OK, Shags demensions are correct, i have two emperor 400 filters, and weekly 25% changes. I didn't know that the demasoni's were dwarf's!! but after a little research it looks like some people do consider them as such! so if i have to i will move the two i have into another tank. The mbuna's are the one's i am interested in. I've actually been wanting to add some of the red top guys, and 'bearded lab' your number is great! A general guestimate is perfect, i just don't want to have so many that people will tell me that i am keeping an irresponsible number of them in one tank. So i'll probably go with the lower side of the estimate and stick with 19-20. thank you


----------



## anythingfishylady1

Here is a tentative list of my current cichlids, if you have any suggestions about what i should add

3 albino socolofi 2 male 1 female
2 cobalt blue's (mbuna) 1 male 1 female (i think)
2 Demasoni's 1 male 1 female
3 Auratus's 2 female 1 male

gender is tentative, i did vent them all, but i am new to it and was terrified to hurt them. But I am about 80% sure that I have them right.

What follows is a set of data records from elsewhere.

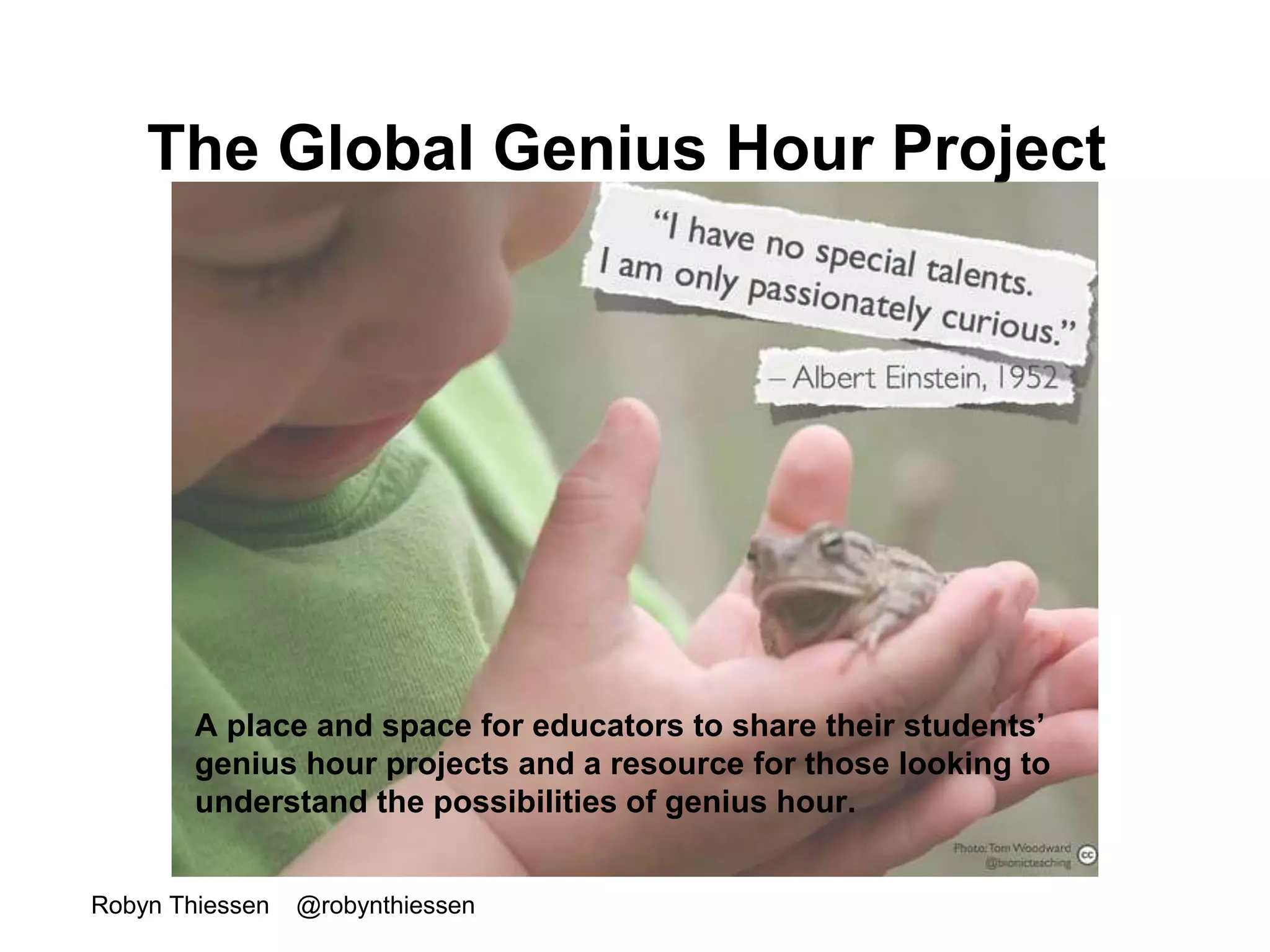 The Global Genius Hour Project 
A place and space for educators to share their students’ 
genius hour projects and a resource for those looking to 
understand the possibilities of genius hour. 
Robyn Thiessen @robynthiessen 
 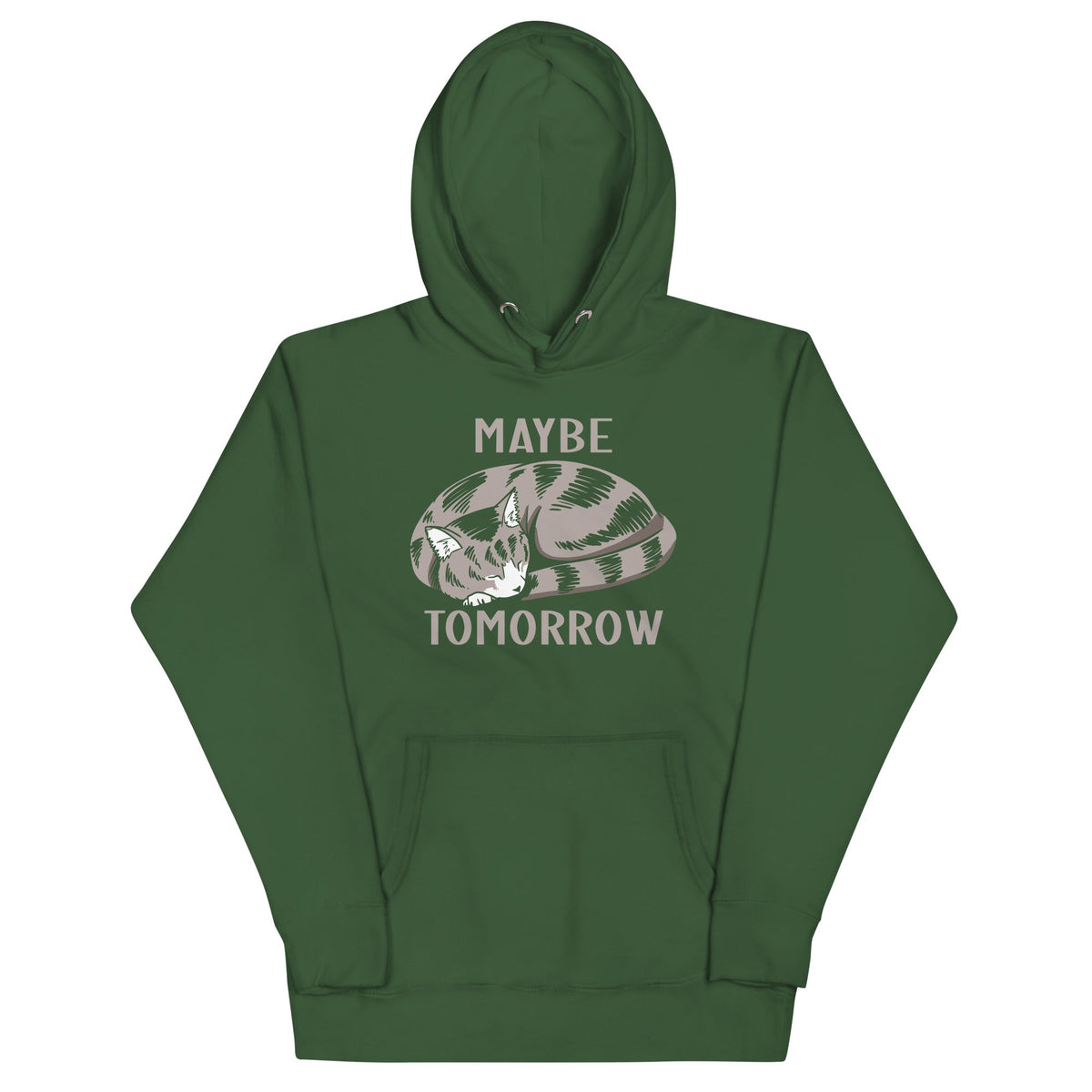 Maybe Tomorrow Unisex
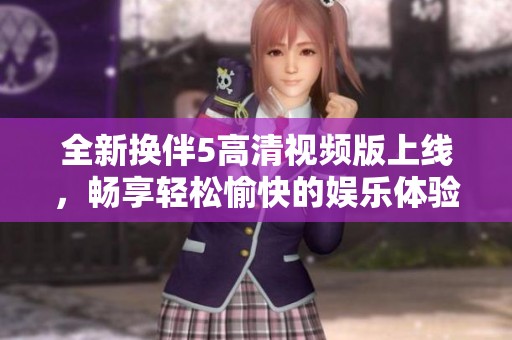 全新换伴5高清视频版上线，畅享轻松愉快的娱乐体验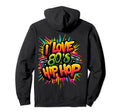 I Love 80S Hip Hop Old School Rap Music Hoodie - Novelty Apparel Unisex - T-Shirt, Sweatshirt, Hoodie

I also think that i should have a higher female to male ratio? but am not sure? I am not interested in breeding them, but i do want them to be happy and not mad at each other all of the time. I've already had to break up the male and female albino.


----------



## bearded lab

I don't think you have nearly enough females in there, and for the demasoni you need at least 12, because of their aggression toward their own species. The auratus are also very aggressive, too, and you might have a problem with 2 male socolofi, unless you have a lot of females. I am not saying your mix wouldn't work, rather that you will need a more experienced person to give you specific advice on the species. That being said, if you add more females to your existing groups, you might be just fine. Best of luck!


----------



## shaguars7

well if you are 80% correct about your venting then what i would do is just get more of what you have. I would get 2 or 3 more socolofi and 3 or 4 more cobalts and the same for the auratus. if you are going to keep demasoni i would get atleast 6 more, but 8 more would be much better. The auratus will be the trouble makers likey in the end with other tankmates...


----------



## anythingfishylady1

that's what i was thinking, more of the same, i bought my guys from the LFS and the people working there were asking ME questions about the fish, so i had no idea of weather or not i was getting a male or a female with any of them besides the obvious auratus. So more of the same, but female. Going to order special from a website this time though, as they seem more able to send a preference of male or female.


----------



## allgoodh

Was wondering the same thing anythingfishylady1


----------